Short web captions
◆ ◆ ◆

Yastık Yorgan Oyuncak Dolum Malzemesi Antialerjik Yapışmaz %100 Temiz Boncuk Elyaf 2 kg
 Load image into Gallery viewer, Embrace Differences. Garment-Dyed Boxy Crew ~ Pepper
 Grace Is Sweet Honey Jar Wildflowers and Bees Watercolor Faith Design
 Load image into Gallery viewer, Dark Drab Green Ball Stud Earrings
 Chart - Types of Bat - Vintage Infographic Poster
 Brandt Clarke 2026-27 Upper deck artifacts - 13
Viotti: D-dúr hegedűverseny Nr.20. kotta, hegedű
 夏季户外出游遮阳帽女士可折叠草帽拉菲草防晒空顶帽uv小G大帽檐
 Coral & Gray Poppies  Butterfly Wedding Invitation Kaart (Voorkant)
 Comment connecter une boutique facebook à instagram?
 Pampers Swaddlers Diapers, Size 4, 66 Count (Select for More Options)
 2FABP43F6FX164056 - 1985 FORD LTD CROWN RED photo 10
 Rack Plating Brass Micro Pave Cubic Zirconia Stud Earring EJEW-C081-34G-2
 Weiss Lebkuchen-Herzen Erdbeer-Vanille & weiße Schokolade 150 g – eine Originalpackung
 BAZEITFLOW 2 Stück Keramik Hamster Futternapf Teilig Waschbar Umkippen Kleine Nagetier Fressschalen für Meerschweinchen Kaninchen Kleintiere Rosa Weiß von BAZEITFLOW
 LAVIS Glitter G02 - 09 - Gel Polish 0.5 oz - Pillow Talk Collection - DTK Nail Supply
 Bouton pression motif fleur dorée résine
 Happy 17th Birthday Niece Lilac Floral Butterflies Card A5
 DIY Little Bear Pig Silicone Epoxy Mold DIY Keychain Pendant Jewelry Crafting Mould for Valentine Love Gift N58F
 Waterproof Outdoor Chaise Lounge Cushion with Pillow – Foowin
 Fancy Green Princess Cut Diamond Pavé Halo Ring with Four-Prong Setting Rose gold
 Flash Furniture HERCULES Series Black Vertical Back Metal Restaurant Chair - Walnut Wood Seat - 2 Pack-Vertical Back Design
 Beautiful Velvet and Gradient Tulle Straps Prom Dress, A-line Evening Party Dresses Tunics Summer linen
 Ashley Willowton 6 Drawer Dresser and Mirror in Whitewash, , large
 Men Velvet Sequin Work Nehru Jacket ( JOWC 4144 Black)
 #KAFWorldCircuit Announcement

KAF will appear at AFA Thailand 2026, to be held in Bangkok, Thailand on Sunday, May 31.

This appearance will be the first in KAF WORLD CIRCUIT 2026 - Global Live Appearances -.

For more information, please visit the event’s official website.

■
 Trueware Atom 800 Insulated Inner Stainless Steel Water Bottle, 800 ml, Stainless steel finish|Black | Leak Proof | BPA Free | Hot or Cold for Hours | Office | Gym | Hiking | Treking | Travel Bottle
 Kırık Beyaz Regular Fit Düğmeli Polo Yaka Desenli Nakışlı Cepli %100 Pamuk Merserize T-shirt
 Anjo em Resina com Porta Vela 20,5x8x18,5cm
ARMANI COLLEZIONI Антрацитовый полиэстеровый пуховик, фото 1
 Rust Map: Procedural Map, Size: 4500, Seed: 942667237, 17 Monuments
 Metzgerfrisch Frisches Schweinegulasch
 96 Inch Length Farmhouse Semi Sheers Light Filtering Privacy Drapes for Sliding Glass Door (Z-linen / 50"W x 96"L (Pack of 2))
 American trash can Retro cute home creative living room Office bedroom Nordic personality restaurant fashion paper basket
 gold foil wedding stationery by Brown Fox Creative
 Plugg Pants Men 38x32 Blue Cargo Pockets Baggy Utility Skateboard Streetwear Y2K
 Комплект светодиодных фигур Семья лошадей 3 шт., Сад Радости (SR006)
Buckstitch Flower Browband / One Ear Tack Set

◆ ◆ ◆

__PROMPT__: All that belongs in the answer is the lines from the start of the entries above through the line containing "Comment connecter une", each given exactly.

__RESPONSE__:
Yastık Yorgan Oyuncak Dolum Malzemesi Antialerjik Yapışmaz %100 Temiz Boncuk Elyaf 2 kg
 Load image into Gallery viewer, Embrace Differences. Garment-Dyed Boxy Crew ~ Pepper
 Grace Is Sweet Honey Jar Wildflowers and Bees Watercolor Faith Design
 Load image into Gallery viewer, Dark Drab Green Ball Stud Earrings
 Chart - Types of Bat - Vintage Infographic Poster
 Brandt Clarke 2026-27 Upper deck artifacts - 13
Viotti: D-dúr hegedűverseny Nr.20. kotta, hegedű
 夏季户外出游遮阳帽女士可折叠草帽拉菲草防晒空顶帽uv小G大帽檐
 Coral & Gray Poppies  Butterfly Wedding Invitation Kaart (Voorkant)
 Comment connecter une boutique facebook à instagram?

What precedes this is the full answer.